* _TRY IT_
Nothing below is to be printed except the lines between the line holding "Cayenne - Reserved" and the line holding "istock Donky in the mountain 147074916", inclusive, each exactly as it appears.
Segment Open
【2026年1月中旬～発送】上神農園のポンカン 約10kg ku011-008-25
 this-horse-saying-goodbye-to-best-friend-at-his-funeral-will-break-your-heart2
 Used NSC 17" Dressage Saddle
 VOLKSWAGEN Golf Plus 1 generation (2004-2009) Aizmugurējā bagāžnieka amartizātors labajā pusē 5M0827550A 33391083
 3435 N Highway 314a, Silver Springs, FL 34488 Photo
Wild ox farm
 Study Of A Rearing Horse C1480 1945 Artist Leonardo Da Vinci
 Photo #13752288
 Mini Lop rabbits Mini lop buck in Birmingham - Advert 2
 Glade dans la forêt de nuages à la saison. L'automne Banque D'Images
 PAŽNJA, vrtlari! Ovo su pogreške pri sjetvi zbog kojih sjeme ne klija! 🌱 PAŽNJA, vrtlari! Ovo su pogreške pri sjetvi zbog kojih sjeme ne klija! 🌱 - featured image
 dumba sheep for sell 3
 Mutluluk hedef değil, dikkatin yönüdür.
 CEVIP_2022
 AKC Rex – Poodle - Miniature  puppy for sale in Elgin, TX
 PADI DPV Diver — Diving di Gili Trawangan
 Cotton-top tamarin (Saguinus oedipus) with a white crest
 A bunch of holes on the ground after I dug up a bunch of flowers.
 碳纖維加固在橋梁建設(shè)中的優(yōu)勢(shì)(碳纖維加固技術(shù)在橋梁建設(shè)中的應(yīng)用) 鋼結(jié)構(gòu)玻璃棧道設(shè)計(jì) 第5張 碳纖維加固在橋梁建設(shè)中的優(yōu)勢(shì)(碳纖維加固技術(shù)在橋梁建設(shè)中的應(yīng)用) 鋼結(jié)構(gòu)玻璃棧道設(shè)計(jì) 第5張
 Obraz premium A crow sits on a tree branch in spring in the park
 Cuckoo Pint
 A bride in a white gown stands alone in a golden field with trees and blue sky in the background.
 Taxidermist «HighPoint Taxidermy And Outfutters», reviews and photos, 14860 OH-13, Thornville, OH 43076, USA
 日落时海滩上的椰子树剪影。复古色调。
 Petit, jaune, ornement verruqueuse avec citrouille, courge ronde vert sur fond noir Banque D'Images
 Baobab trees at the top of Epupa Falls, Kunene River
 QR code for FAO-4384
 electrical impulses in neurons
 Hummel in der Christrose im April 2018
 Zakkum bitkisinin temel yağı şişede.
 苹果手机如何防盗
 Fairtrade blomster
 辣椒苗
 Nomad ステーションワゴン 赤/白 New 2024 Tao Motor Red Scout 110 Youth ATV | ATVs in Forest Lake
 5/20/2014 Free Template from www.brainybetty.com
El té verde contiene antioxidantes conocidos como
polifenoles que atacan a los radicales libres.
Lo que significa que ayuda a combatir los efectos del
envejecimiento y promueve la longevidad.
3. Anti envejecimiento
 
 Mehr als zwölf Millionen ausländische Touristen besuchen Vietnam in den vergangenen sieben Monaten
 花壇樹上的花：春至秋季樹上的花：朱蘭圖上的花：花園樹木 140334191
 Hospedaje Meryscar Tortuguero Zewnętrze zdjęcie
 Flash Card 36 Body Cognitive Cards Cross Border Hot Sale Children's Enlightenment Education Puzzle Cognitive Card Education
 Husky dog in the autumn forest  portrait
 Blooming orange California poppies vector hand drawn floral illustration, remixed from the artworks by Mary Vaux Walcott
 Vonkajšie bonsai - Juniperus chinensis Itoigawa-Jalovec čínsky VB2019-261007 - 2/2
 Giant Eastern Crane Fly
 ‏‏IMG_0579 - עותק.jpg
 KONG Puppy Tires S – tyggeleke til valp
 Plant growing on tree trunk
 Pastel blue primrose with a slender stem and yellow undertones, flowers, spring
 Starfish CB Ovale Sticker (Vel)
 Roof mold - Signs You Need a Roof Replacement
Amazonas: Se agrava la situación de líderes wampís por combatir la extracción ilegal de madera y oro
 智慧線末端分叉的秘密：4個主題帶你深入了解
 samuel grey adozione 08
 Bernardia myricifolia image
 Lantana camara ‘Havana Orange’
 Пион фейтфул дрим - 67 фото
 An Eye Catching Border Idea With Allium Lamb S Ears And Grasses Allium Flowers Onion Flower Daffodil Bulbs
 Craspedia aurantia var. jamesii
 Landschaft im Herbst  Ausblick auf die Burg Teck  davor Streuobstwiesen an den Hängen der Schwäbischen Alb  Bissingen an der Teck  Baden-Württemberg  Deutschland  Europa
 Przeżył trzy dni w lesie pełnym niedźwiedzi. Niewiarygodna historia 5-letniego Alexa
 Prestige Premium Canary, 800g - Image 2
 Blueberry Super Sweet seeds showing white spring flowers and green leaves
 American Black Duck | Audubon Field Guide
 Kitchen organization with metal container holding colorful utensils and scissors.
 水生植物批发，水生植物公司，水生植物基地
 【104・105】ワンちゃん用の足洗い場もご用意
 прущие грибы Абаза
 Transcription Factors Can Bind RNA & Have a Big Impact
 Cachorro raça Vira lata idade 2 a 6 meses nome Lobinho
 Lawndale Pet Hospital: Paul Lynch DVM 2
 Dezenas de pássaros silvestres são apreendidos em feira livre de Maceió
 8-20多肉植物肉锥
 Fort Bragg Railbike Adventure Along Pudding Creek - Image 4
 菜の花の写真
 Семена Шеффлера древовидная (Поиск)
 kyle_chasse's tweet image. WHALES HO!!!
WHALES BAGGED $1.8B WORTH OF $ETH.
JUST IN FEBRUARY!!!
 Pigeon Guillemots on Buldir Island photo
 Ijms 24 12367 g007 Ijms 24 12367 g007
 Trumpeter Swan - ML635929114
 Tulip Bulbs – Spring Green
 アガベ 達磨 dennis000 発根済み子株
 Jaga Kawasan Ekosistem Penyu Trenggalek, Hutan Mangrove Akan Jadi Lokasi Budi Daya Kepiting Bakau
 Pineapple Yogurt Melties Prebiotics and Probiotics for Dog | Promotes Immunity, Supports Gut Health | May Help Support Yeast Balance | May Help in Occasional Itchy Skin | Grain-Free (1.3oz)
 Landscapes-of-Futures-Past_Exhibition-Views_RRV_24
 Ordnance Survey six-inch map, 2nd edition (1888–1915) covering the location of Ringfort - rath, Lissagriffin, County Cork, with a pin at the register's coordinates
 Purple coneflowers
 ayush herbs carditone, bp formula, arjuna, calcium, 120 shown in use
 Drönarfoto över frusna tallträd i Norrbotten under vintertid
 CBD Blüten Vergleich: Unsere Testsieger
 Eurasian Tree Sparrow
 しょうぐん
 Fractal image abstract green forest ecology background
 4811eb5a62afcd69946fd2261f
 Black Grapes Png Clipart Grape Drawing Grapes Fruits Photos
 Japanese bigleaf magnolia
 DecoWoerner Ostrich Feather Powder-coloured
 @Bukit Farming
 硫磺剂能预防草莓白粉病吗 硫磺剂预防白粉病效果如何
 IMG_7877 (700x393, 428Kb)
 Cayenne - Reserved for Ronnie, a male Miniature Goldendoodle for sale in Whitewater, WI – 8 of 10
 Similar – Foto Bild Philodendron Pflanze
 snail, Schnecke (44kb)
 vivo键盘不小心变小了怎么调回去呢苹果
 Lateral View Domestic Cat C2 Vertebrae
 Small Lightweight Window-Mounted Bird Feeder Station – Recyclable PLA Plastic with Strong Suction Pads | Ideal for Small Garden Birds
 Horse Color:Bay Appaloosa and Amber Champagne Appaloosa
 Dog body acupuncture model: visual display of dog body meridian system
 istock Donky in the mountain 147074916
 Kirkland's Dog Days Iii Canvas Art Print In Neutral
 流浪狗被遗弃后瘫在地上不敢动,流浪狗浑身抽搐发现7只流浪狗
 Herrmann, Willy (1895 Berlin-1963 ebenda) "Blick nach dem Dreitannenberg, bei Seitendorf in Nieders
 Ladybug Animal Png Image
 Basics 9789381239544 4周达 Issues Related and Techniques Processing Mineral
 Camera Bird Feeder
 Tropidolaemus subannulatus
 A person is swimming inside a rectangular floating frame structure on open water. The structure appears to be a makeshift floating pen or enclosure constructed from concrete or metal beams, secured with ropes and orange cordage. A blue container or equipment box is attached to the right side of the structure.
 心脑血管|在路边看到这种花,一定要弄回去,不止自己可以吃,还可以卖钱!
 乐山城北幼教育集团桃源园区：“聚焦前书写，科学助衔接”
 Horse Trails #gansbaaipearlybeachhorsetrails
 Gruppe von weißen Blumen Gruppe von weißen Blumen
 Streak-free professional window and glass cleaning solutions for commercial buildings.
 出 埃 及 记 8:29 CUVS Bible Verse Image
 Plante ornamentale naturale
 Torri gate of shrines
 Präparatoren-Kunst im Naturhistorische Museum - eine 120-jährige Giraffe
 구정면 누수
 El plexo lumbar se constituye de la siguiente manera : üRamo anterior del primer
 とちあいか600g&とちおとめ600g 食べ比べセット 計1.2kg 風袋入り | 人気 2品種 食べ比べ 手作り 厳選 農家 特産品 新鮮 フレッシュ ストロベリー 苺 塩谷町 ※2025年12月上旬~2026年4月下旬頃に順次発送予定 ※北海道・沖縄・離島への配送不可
Segment Closed
* _WRITTEN REPLY_
 Cayenne - Reserved for Ronnie, a male Miniature Goldendoodle for sale in Whitewater, WI – 8 of 10
 Similar – Foto Bild Philodendron Pflanze
 snail, Schnecke (44kb)
 vivo键盘不小心变小了怎么调回去呢苹果
 Lateral View Domestic Cat C2 Vertebrae
 Small Lightweight Window-Mounted Bird Feeder Station – Recyclable PLA Plastic with Strong Suction Pads | Ideal for Small Garden Birds
 Horse Color:Bay Appaloosa and Amber Champagne Appaloosa
 Dog body acupuncture model: visual display of dog body meridian system
 istock Donky in the mountain 147074916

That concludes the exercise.